** DATA SECTION **
◆ ◆ ◆ ◆ ◆

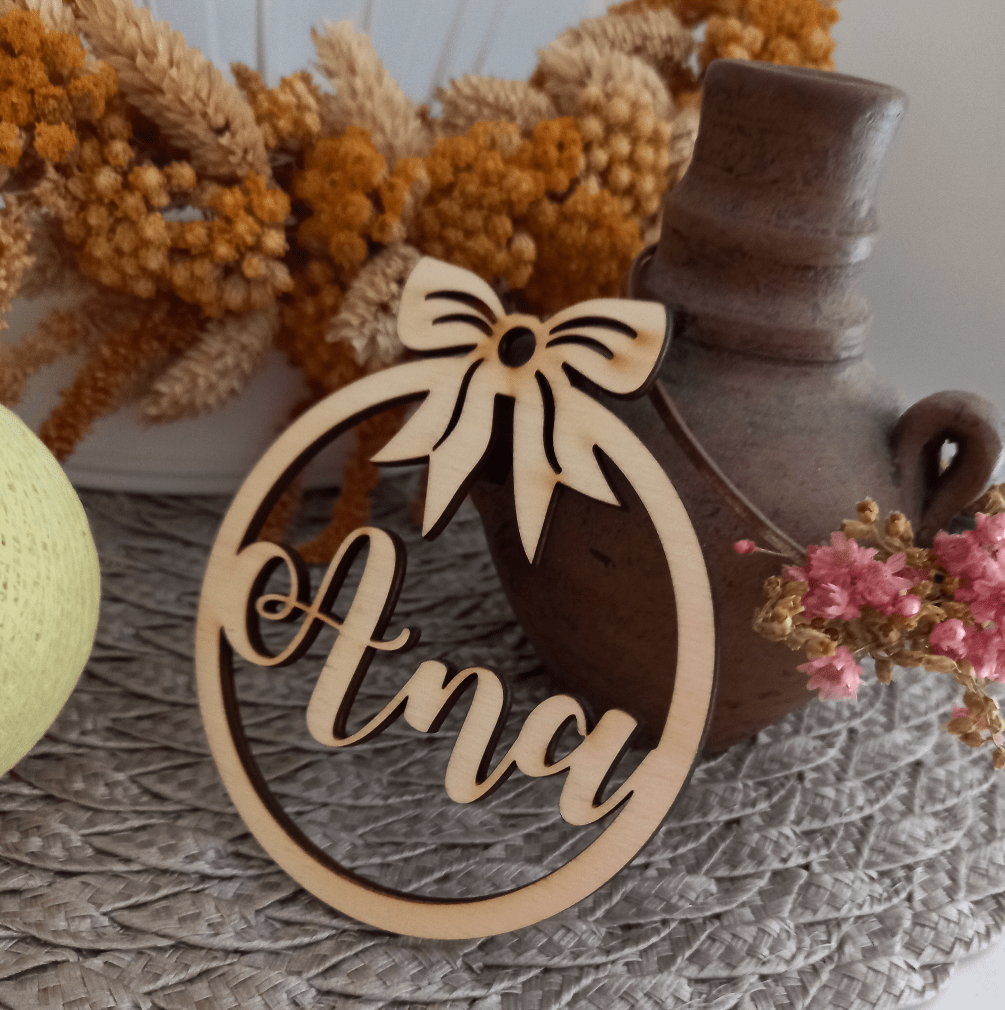 Lesena bunkica z imenom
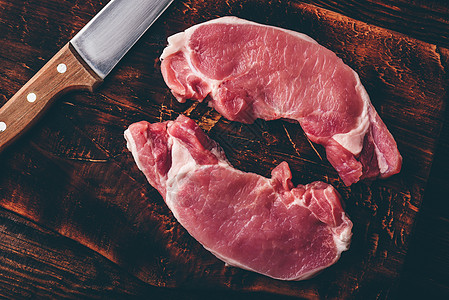 两块猪肉牛排和刀子砧板食物牛扒午餐肋眼屠夫红肉烧烤猪肉鱼片图片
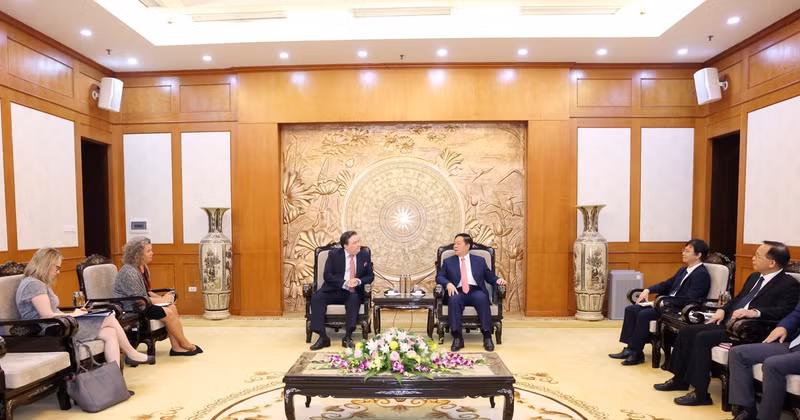 Rencontre entre Nguyen Trong Nghia, membre du Bureau Politique, secrétaire du Comité central du Parti communiste du Vietnam et chef de la Commission centrale de la sensibilisation et de l’éducation du Parti et l'ambassadeur des États-Unis, Marc Knapper, le 7 août à Hanoï . Photo : VNA.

◆ ◆ ◆ ◆ ◆

** DIRECTIONS **
The output has to match the data above line for line, except that pictures are dropped.

** TASK OUTPUT **
 Lesena bunkica z imenom
 两块猪肉牛排和刀子砧板食物牛扒午餐肋眼屠夫红肉烧烤猪肉鱼片图片
 Rencontre entre Nguyen Trong Nghia, membre du Bureau Politique, secrétaire du Comité central du Parti communiste du Vietnam et chef de la Commission centrale de la sensibilisation et de l’éducation du Parti et l'ambassadeur des États-Unis, Marc Knapper, le 7 août à Hanoï . Photo : VNA.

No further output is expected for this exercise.